The prospective, multicenter, single-arm United States RAPID-PE study is evaluating the safety and efficacy of on-the-table (OTT) pharmacomechanical lysis (PML) without postprocedure infusion using the company’s Bashir endovascular catheter (BEC) for the treatment of intermediate-risk acute pulmonary embolism (PE), stated Thrombolex.
Wissam Jaber, MD, Conational Principal Investigator of RAPID-PE, presented the findings during an Innovation Session at the TCT 2025 scientific symposium.
According to the company, the protocol delivers 4 mg of recombinant tissue plasminogen activator into each pulmonary artery (8 mg total for bilateral PE) by multiple hand-injected pulse sprays using an expanded 8-F BEC device.
The prespecified interim analysis includes outcomes for the first 50 patients in the study. To date, 62 of the planned 500 patients have been enrolled; 90% of enrolled patients had high intermediate-risk PE. Commencement of enrollment was announced in October 2024.
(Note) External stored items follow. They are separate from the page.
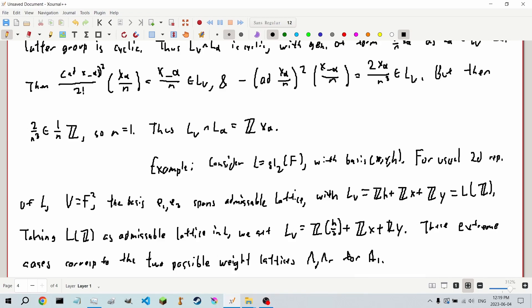Next time we're looking at the passage to an arbitrary field—that's the end of the book, which is a bit scary. Our next video is going to be the last one before Lie groups. I'll work through the rest of Humphreys and then we'll move on to the group.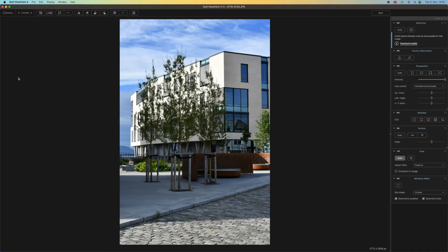This is just one of the perspective and lens issues Viewpoint 4 is designed to correct. Getting your picture straight might seem like a minor chore, but it can make the difference between an amateur snapshot and a professional-looking image. Viewpoint does a lot more than that, though, as we'll see shortly.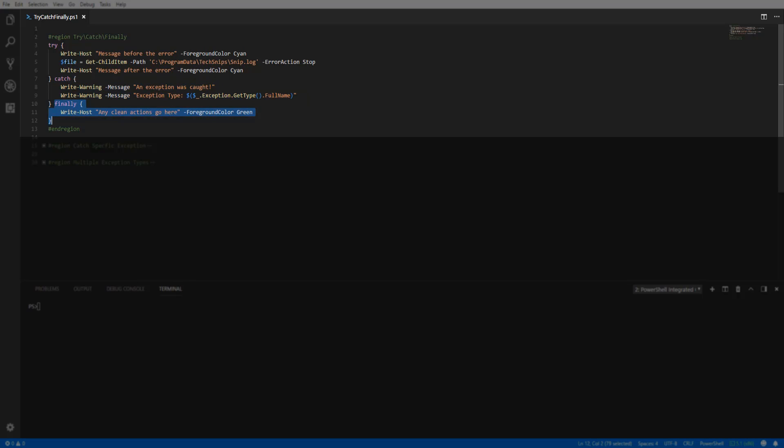The finally block is executed every time the script is run, with or without error. You can use this block to free up resources, write a message, or clean up any other objects.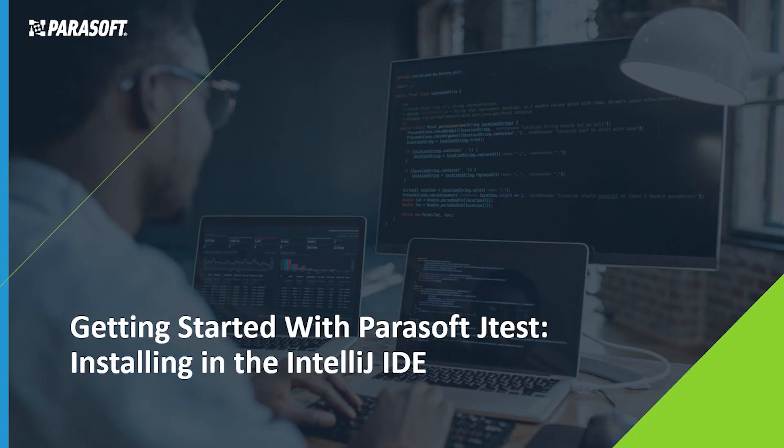Hello and welcome to Parasoft JTest Unit Test Assistant. Today, you'll be installing and setting up your IntelliJ IDE to use JTest and the Unit Test Assistant.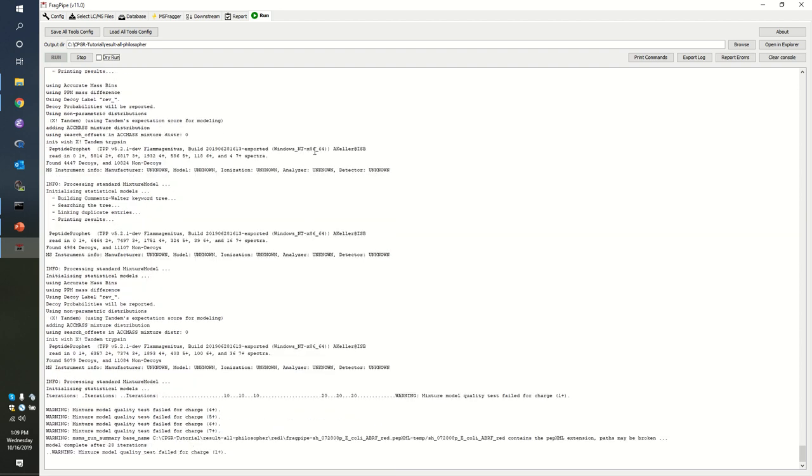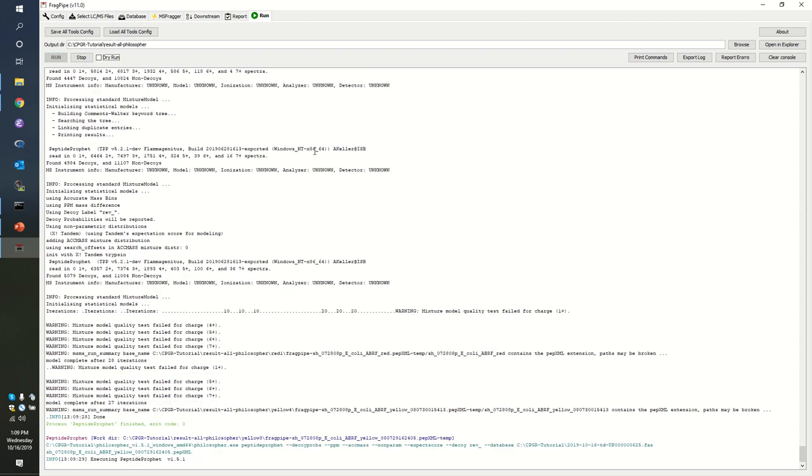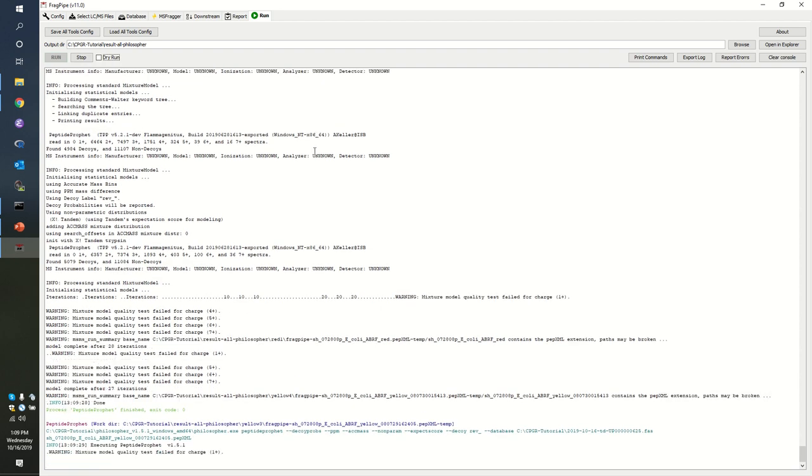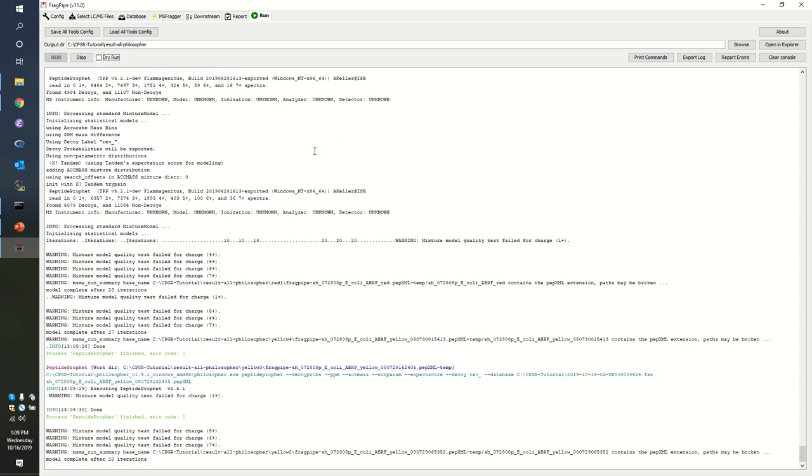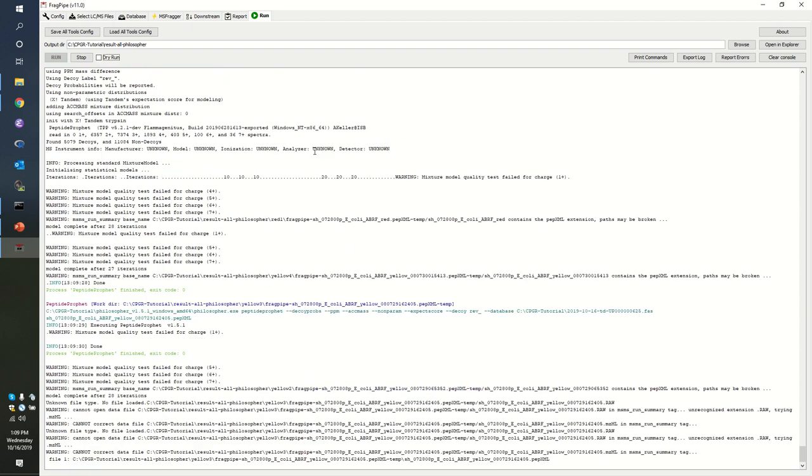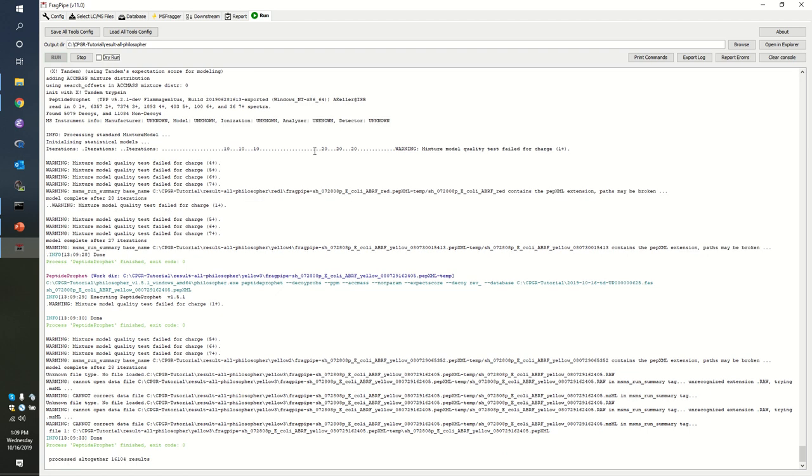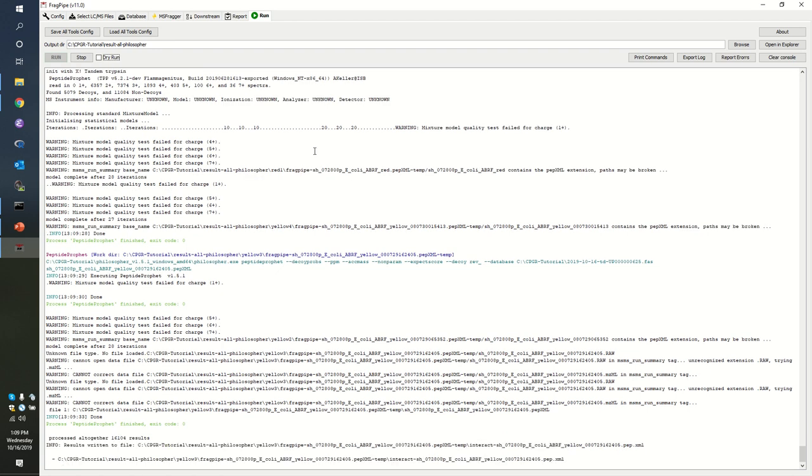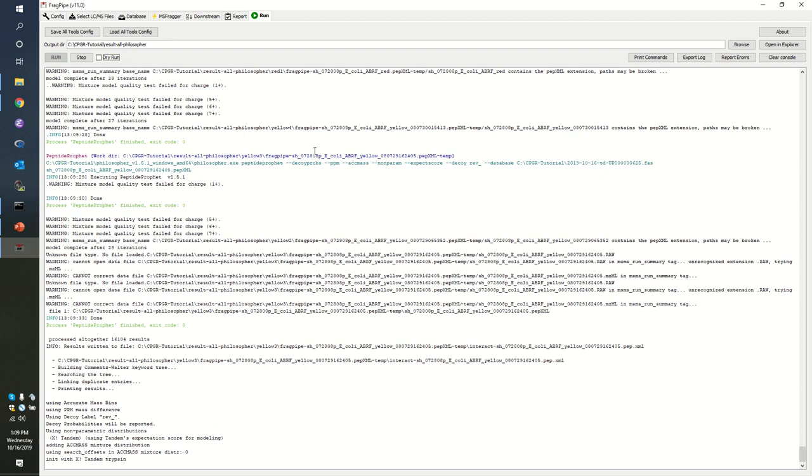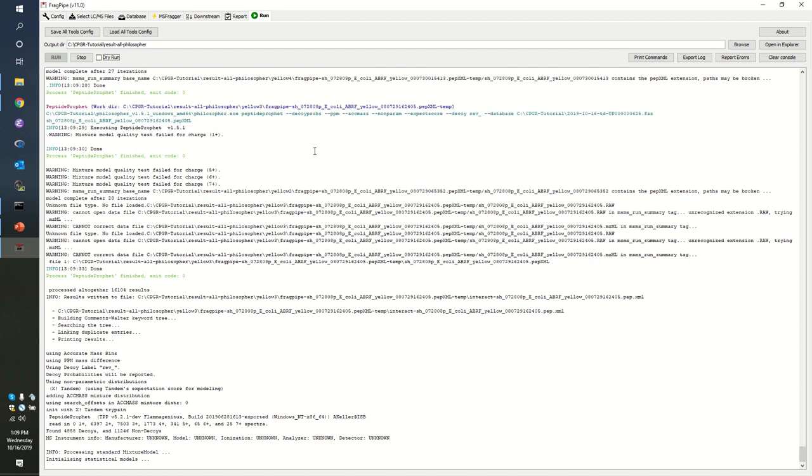I want to point out that in the background, we can see that the software is evaluating these PSMs, digging out of the pepXML file. You'll see that we're getting some warnings back that say, mixed model quality test fail for charge five and six, or five, six and seven. I want to try to explain what that means. The software is attempting to put probabilities of correctness on individual PSMs.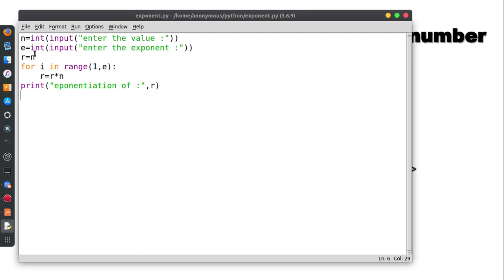We are going to save this value: n equal to 2, e equal to 4, and r equal to 2. Now we are going to do a loop. If the loop length is 4, then we count 1, 2, 3 — that is why we have 4 and we have 3 loops.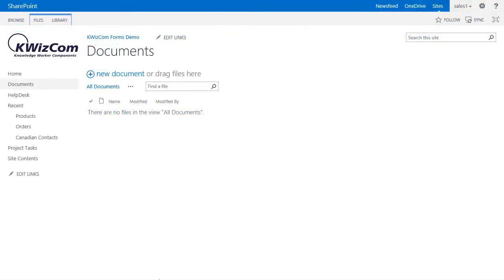An advantage of KWizCom Forms over out-of-the-box SharePoint is the ability to dynamically set a field's default value based on the value of another field.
As summarized in the Thrombolex press release, the interim results included the following:
- At 7 days, no patients had death or hemodynamic decompensation (the study’s primary endpoint).
- Major bleeding was seen in 2% of patients—one event of access site bleeding 48 hours postprocedure after a loading dose of oral anticoagulant.
- Median total procedure time was 43.5 minutes with a median catheter dwell time of 17.5 minutes.
- Only 8% of patients went to the intensive care unit (ICU) after the procedure.
- Median length of hospital stay was 2.9 days.
- The procedures were performed by 17 operators across various sites.
“This interim cohort demonstrates that OTT, low-dose PML with the BEC device can democratize the catheter-based treatment of intermediate-risk PE patients with excellent safety and remarkably efficient lab times, often without the need for an ICU stay,” commented Dr. Jaber in the Thrombolex press release.